§ **Work task**: When a picture appears among the records, leave it out, and copy all else exactly.

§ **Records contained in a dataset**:

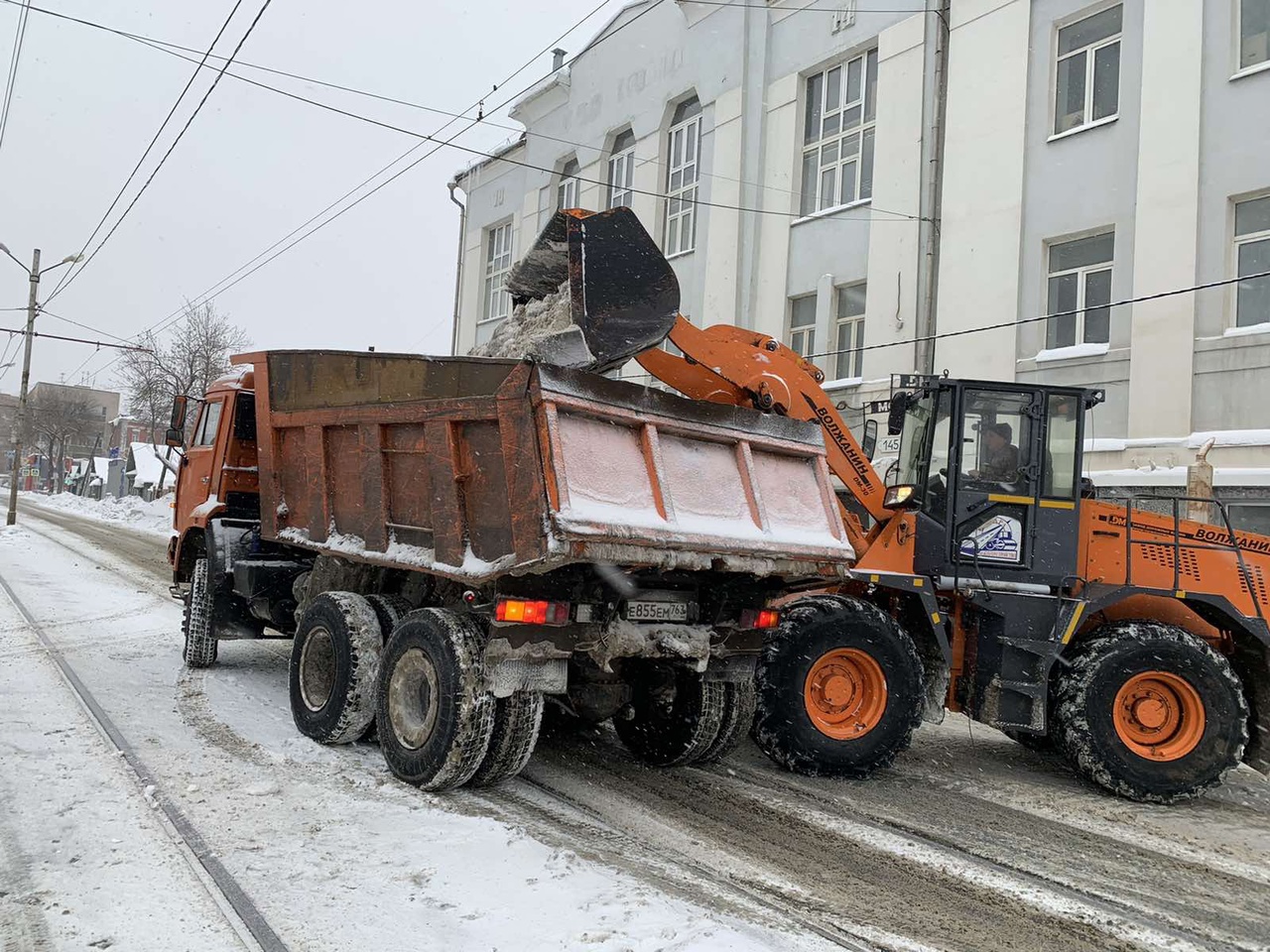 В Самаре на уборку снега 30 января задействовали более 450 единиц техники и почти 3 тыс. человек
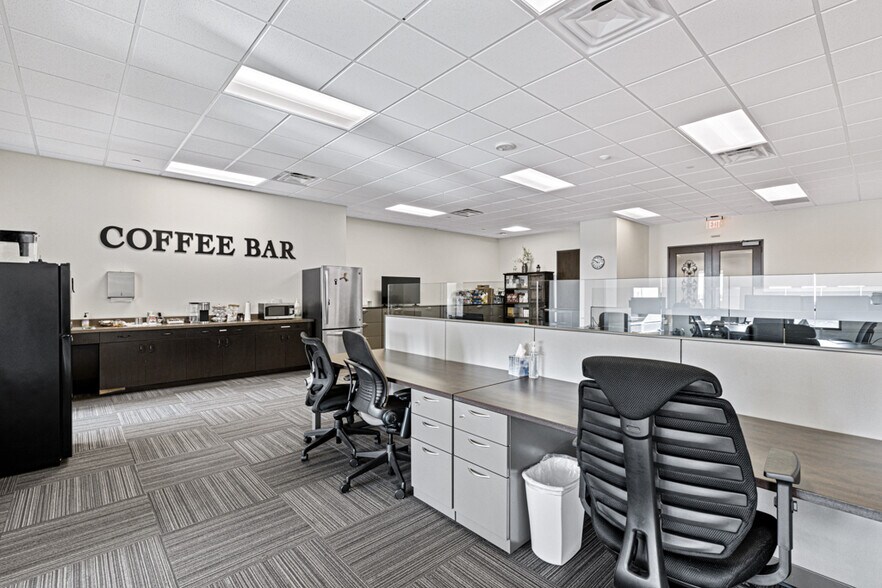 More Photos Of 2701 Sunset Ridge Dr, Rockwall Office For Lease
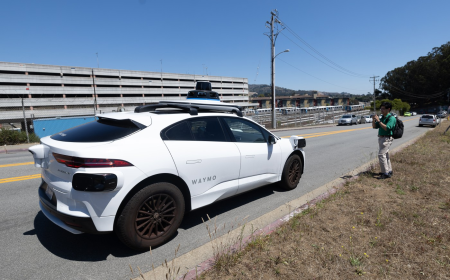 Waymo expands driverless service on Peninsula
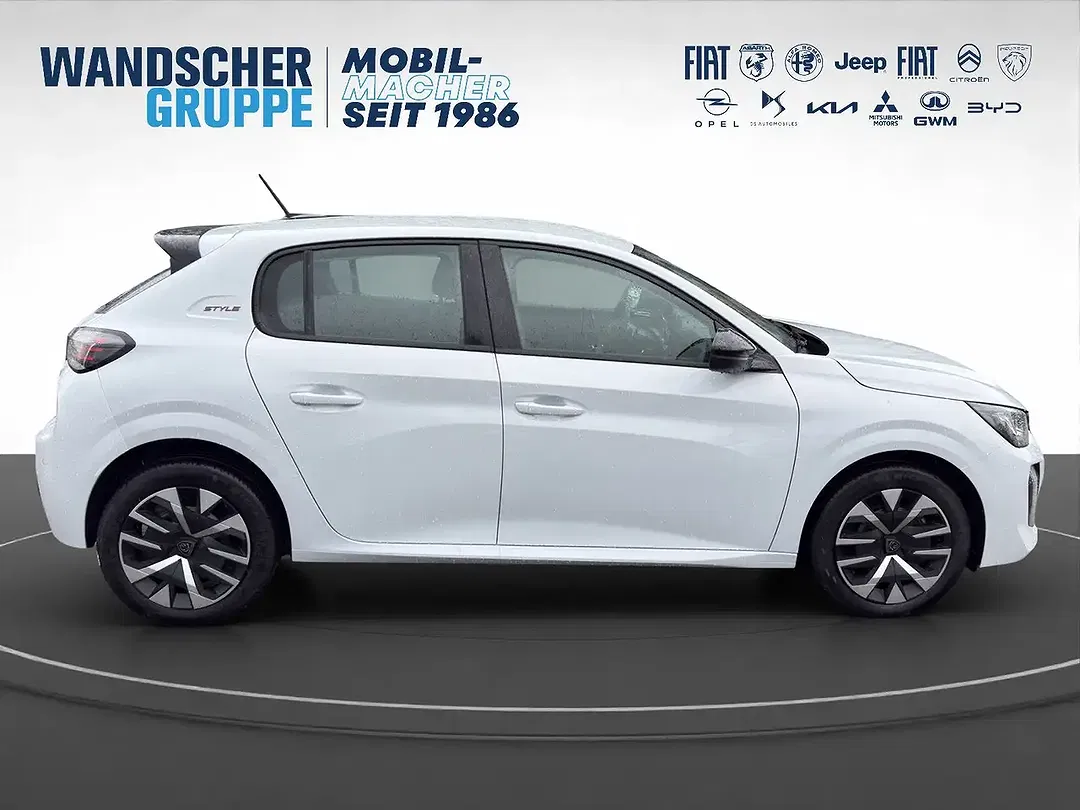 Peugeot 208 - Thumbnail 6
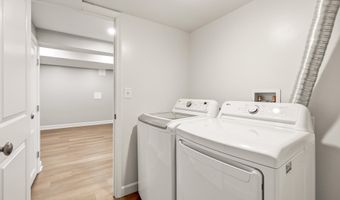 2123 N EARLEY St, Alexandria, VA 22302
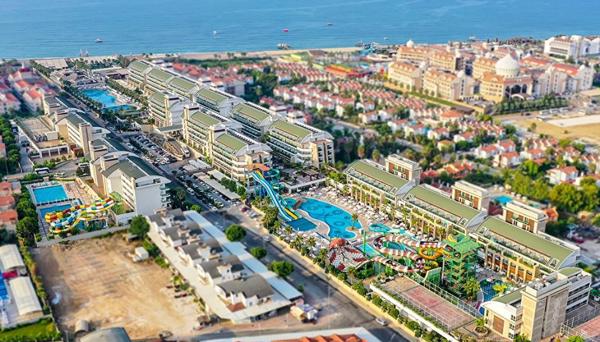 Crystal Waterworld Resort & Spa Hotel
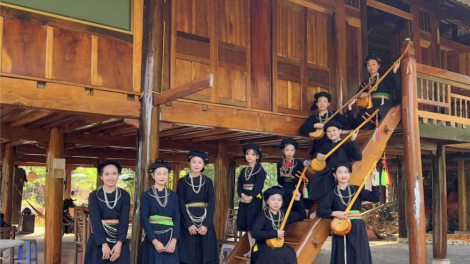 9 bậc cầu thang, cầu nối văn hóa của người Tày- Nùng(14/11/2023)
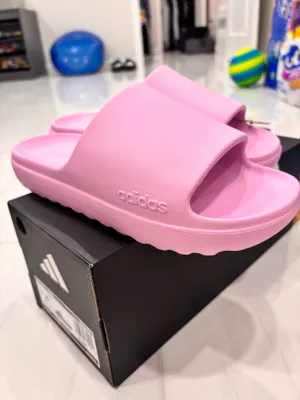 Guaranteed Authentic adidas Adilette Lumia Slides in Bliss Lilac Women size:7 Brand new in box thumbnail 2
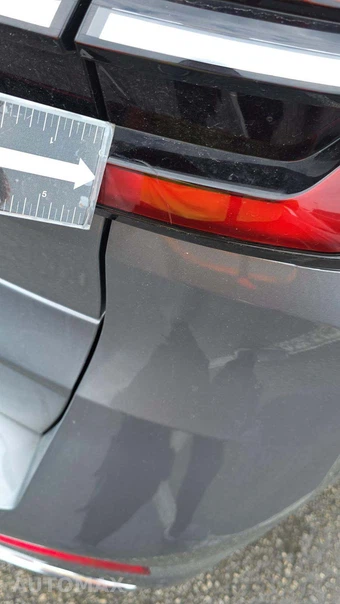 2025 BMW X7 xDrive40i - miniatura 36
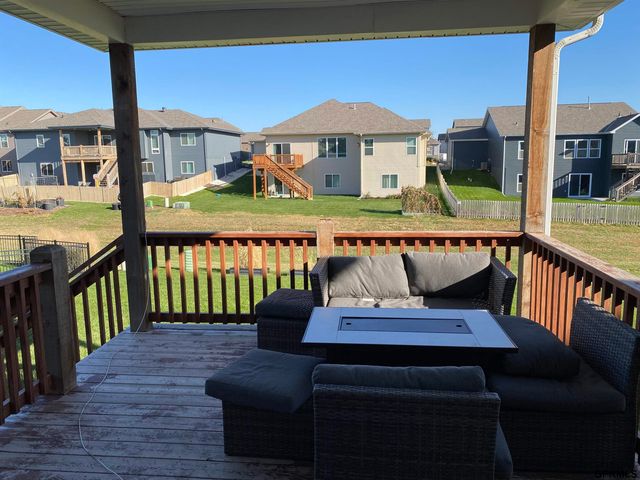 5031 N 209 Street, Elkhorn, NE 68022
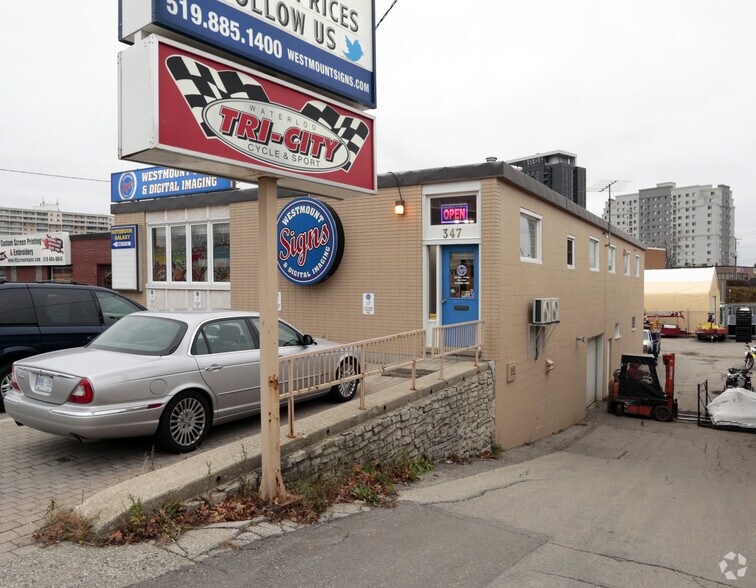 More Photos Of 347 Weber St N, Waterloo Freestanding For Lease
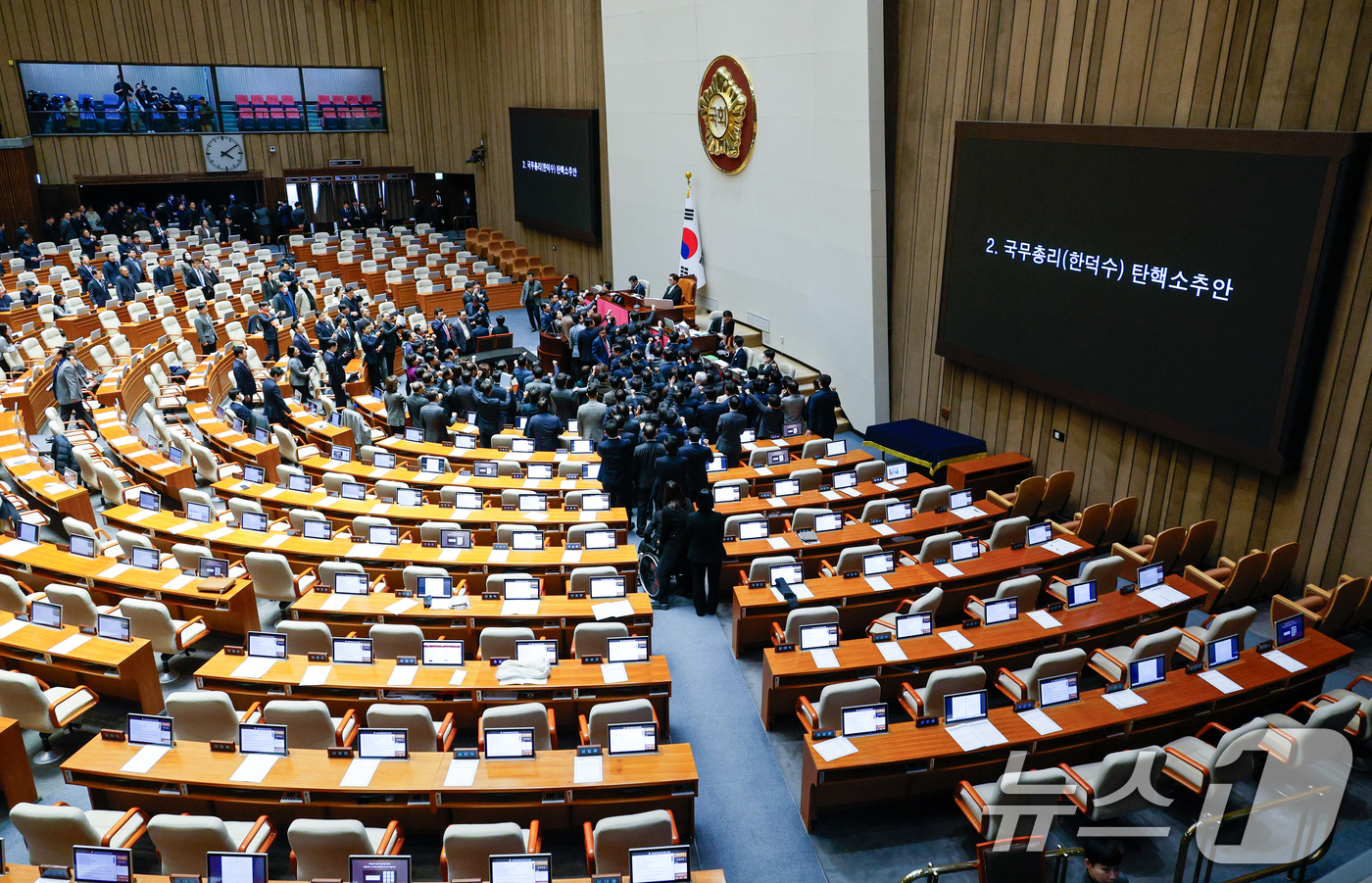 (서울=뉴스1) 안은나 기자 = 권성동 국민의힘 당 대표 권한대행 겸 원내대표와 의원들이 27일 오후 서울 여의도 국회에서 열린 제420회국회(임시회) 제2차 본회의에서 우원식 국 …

§ **Final answer**:
 В Самаре на уборку снега 30 января задействовали более 450 единиц техники и почти 3 тыс. человек
 More Photos Of 2701 Sunset Ridge Dr, Rockwall Office For Lease
 Waymo expands driverless service on Peninsula
 Peugeot 208 - Thumbnail 6
 2123 N EARLEY St, Alexandria, VA 22302
 Crystal Waterworld Resort & Spa Hotel
 9 bậc cầu thang, cầu nối văn hóa của người Tày- Nùng(14/11/2023)
 Guaranteed Authentic adidas Adilette Lumia Slides in Bliss Lilac Women size:7 Brand new in box thumbnail 2
 2025 BMW X7 xDrive40i - miniatura 36
 5031 N 209 Street, Elkhorn, NE 68022
 More Photos Of 347 Weber St N, Waterloo Freestanding For Lease
 (서울=뉴스1) 안은나 기자 = 권성동 국민의힘 당 대표 권한대행 겸 원내대표와 의원들이 27일 오후 서울 여의도 국회에서 열린 제420회국회(임시회) 제2차 본회의에서 우원식 국 …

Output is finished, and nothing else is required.